Figure 4 illustrates the correlation of the total organic carbon (TOC), versus the potential yield (S2) and hydrogen index data among the Wingat-1, Murombe-1 and Moosehead-1 wells. As can be noted, the plot shows, very clearly, the residual character (e.g., a transformation of the original hydrocarbon source potential to hydrocarbons), of the source rocks from the Wingat-1 well, when compared to the original immature organic matter from the Murombe-1 and Moosehead-1 well. Also, the data suggested that the Kudu organic-rich facies became richer and with the best quality in the direction to the Orange Basin (Mello et al., 2022).
The Wingat-1, Murombe-1 and Mooshead-1 deep-water source rock data, offshore Namibia suggest that the Walvis, Lüderitz, and Orange Basins share almost identical overcharged, oil-prone source rock system, represented by the Aptian to Barremian Kudu Formation. The data indicate that the Kudu organic-rich facies were deposited in a marine anoxic, restricted environment of deposition, where hydrogen-rich kerogen, type II/I algal communities were developed in very high proportions.

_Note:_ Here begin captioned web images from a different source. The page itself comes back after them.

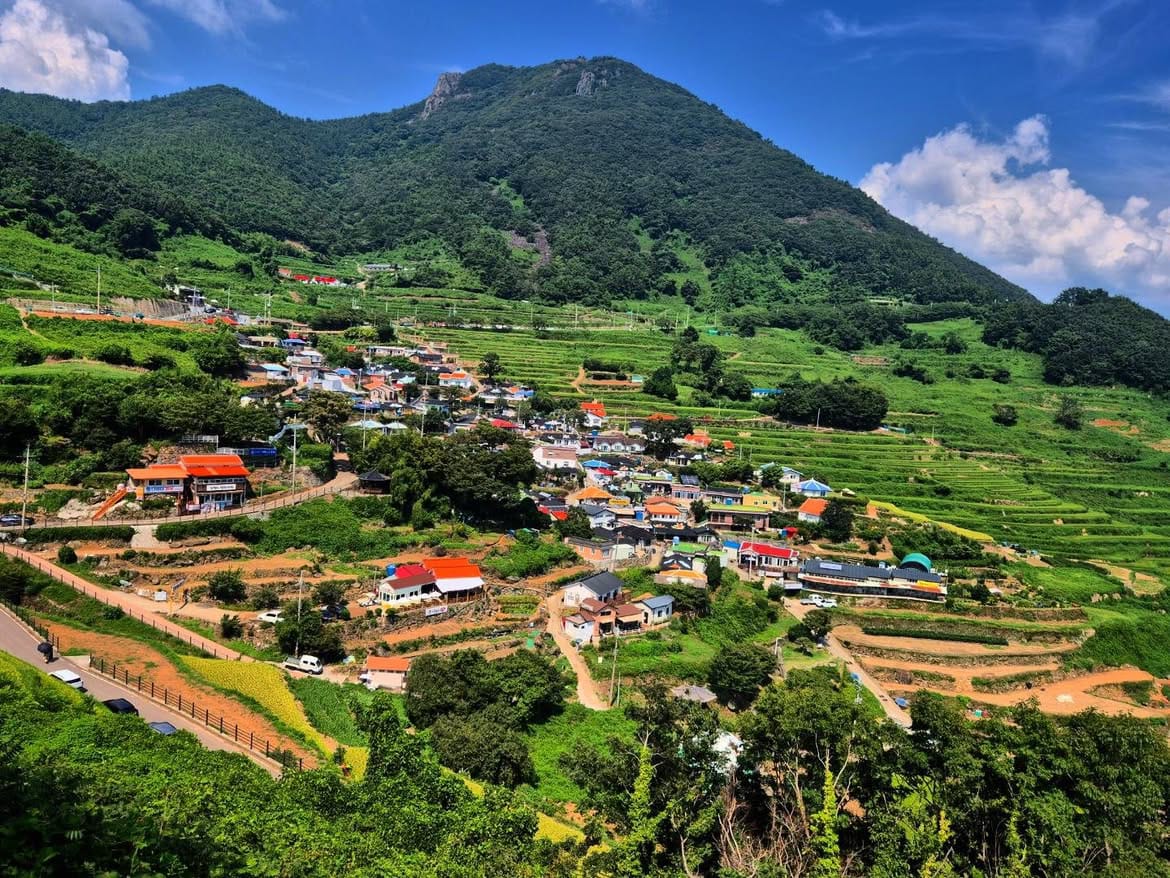 Desa Namchang di Korea Selatan Mendadak Ramai Berkat Lokasi Syuting Film Hope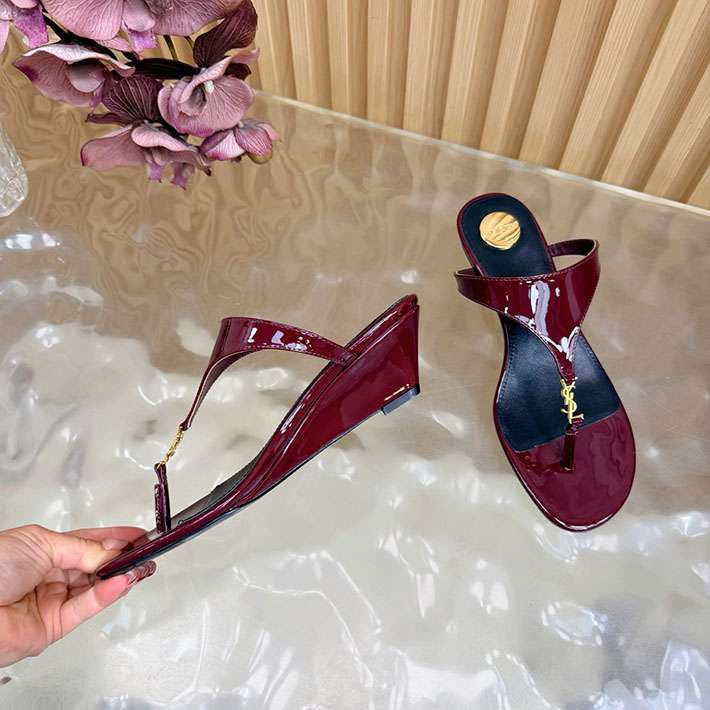最高級サンローランスーパーコピー Saint Laurent エナメルウェッジサンダル スムースレザー レッド 2631209 サン ローラン アウトレット 三田 - 画像 (6)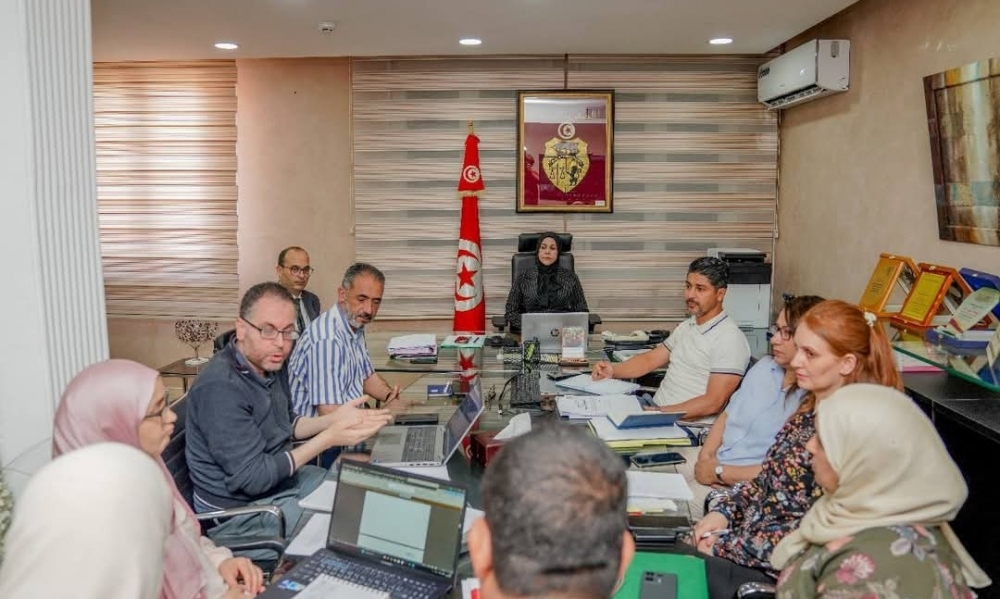  وزارة التشغيل: متابعة تقدّم مشروع إحداث المنصّة الرقمية للشركات الأهلية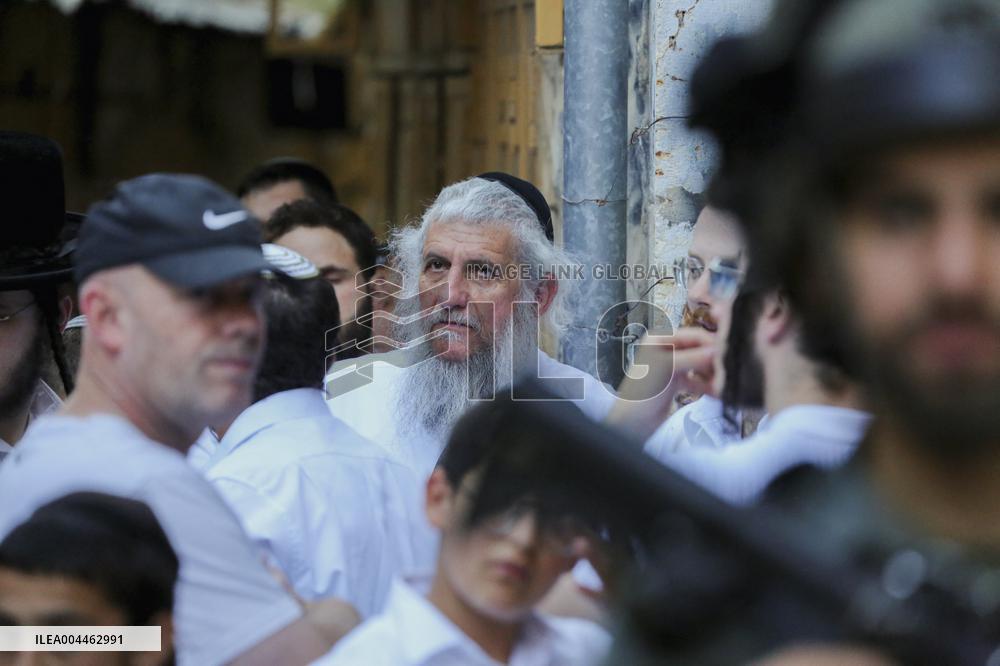 Settlers Storm The Old City Of Hebron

The presence of such euxinic organic-facies widespread for hundreds of kilometers, from Walvis to Lüderitz up to Orange Basin, for the entire deep to the ultra-deep offshore realm, suggests the presence of a supergiant hydrocarbon source potential for the entire Aptian to Barremian, supergiant petroleum system in the area.
We have predicted a supergiant oil-prone Basin in Namibia, since 2010, and our publications in 2011, 2012, 2015 and several others, confirmed the early data about the supercharged Kudu source rock system. The recent giant and supergiant discoveries of Venus, Graff, La Rona and this week of Jonker is just the point of a gigantic iceberg that will transform Namibia into one of the largest oil province in west Africa.
Mello, M.R., N.C. Azambuja Filho, W.U. Mohriak, A.J. Catto, and J.B. Francolin, 2011, Promising Giant New Hydrocarbon Frontier in Namibia Continental Margin: GeoExPro, 8, 64–69.
Mello, M.R., N.C. Azambuja Filho, A.A. Bender, S.M. Barbanti, W.U. Mohriak, P. Schmitt, and C.L.C. Jesus, 2012, The Namibian and Brazilian southern South Atlantic petroleum systems: are they comparable analogues? in W.U. Mohriak, A. Danforth, P.J. Post, D.E. Brown, G.C. Tari, M. Nemcok, and S.T. Sinha, eds., Conjugate Divergent Margins: Geological Society, London, Special Publications, 369, 249–266. First published online March 7, 2013, http://dx.doi.org/ 10.1144/SP369.18.
M.R. Mello, Mohriak, W.U., and W. Peres, 2015, Namibia: The Hunt for Oil and Gas Continues in the Land of Giants: 32nd Annual GCSSEPM Foundation Bob F. Perkins Research Conference, 919–963.
Mello, M.R., 2022. “Offshore Namibia: The sleeping giant deep-water hydrocarbon frontier has awakened”. Poster, IMAGES, 2022-International Meeting for Applied Geoscience & Energy, Houston, August 20–30, Control ID:3745488.